Dan Morris: Canyons and the crowns of cowboys
I’m a hat guy - guilty as charged.

While on duty I remain, and always shall remain, the sharp-suited swashbuckler you have all come to know and love. But in my private life, I love nothing more than to accessorise my dome with a topper or two.
For many blokes, hats are a wonderful way to style up your swede when you used to love pratting about with your hair. And prat about with my hair, I did…
As a younger chap I used to frivolously experiment with my locks. During my surfer phase my hair was bleached blond and down to my shoulders. In my goth years it was cropped jagged and dyed blacker than the night. There have been mohawks, faux-hawks, and everything in between, including a time when the variety of colours adorning my bonce once forced a zoo keeper to question whether or not I was an escaped parrot.
These days, however, I’m just getting a little too old for that sort of thing, and so the party time when it comes to abusing my scalp has ended. Still, boys just wanna have fun, and over the last few years I’ve embraced headgear to the fullest.
The adornment of choice has for some time been a flat cap. Even before Cillian Murphy et al made them very cool again I’d always been a fan of this signature topper of the 19th century working class, and happily, since Peaky Blinders rocked the telly box, they’ve been very easy to come by.
I own several, but am proud to state that my favourite was purchased at one of our region’s most exemplary attractions, the Black Country Living Museum.
Like with hair cuts though, hats can get somewhat samey, and you occasionally feel the need to change things up. As a recent convert to the spectacular Paramount neo-western show, Yellowstone, there was really only one way my hat fetish was going to develop this year.

I’ve owned a particularly beautiful cowboy hat for years. It was a gift, in fact, from a Native American I met many moons ago in Arizona. While on my travels across the pond, he was a guide charged with escorting me and various other doe-eyed hippies to the Grand Canyon.
A handsome chap who had styled himself true to every pop culture image of his proud people, his jeans were fastened with a snakeskin belt, his feet were shod in stunningly ornate leather boots, and his impressively thick and braided hair was crowned with a magnificent Stetson.
He was probably the most helpful and knowledgeable tour guide I’ve ever encountered, and - it has to be said - was particularly patient with my very embarrassing fear of heights.
We’d driven to Arizona from Nevada (I was staying in Vegas at the time), and while the outward journey was problem free, disaster struck on the return trip when the bus radio ceased to function.
Our guide/driver was a very calm and level man, yet clearly music was important to his ability to relax while behind the wheel.
Frustrated at the silence from the speakers while most of the passengers slept and snored, he asked me if he might be able to borrow my MP3 player for the remaining miles back to ‘Sin City’.
I was more than happy to oblige, thoroughly transfixed on the beautiful desert wilderness visible through the window, and with no interest in my terrible taste in tunes interrupting its serenity. He plugged in my headphones, seemingly happy with the available cocktail of Kiss, Madonna and Toto (I take it back - my taste in tunes is awesome), and gently nodded his way all the way home to Caesar’s.

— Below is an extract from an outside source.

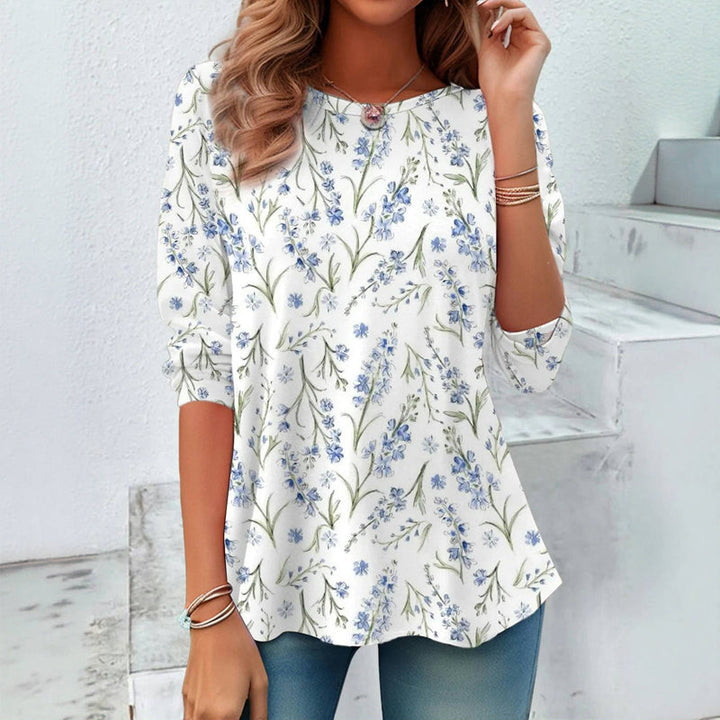 T-Shirt À Imprimé Floral Vintage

I was one of his last drops, and as I disembarked he returned my iPod with a thanks, and then proceeded to plonk his shining Stetson on my bonce. “Thanks man, that’s yours now.” I was pretty stunned. This seemed a very unfair trade, and I half expected him to want to keep the iPod. But, as a matter of honour, the squaring of debts was very important to this chap, and he insisted that in repayment of the small favour I’d done him, the hat was mine to keep.

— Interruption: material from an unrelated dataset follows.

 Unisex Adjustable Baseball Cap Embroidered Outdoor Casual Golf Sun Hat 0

Proudly, I rolled into Caesar’s Palace, new crown in place, and all of a sudden registered the number of other cowboy hats gracing the domes of the casino crowd. As you might expect, there were a lot of them, and I hadn’t noticed this at all until I was rocking one of my own. As if a spell had been cast, the attitude of bartenders and croupiers changed completely now that I was sporting a resolutely American look, and my new bit of headgear served as a passport to enough bourbon to sink a ship.
You don’t see many Stetsons in rural England, and so when I returned home my cowboy hat was hung up – for nearly 20 years, in fact.
Yet now, with Taylor Sheridan’s top telly work having inspired a fresh love for the wild, wild west, and country music seeing a surge of popularity in Blighty, it has felt like time for the cobwebs to be dusted off. So saddle up, partners – my Fred Dibnah days are done, and it’s time to embrace a Willie Nelson phase.
After all, who wants to be Cillian Murphy when you could be Clint Eastwood?
I’ll check in with you in a few months… It may well be fez time by then. But for now, yee-haw!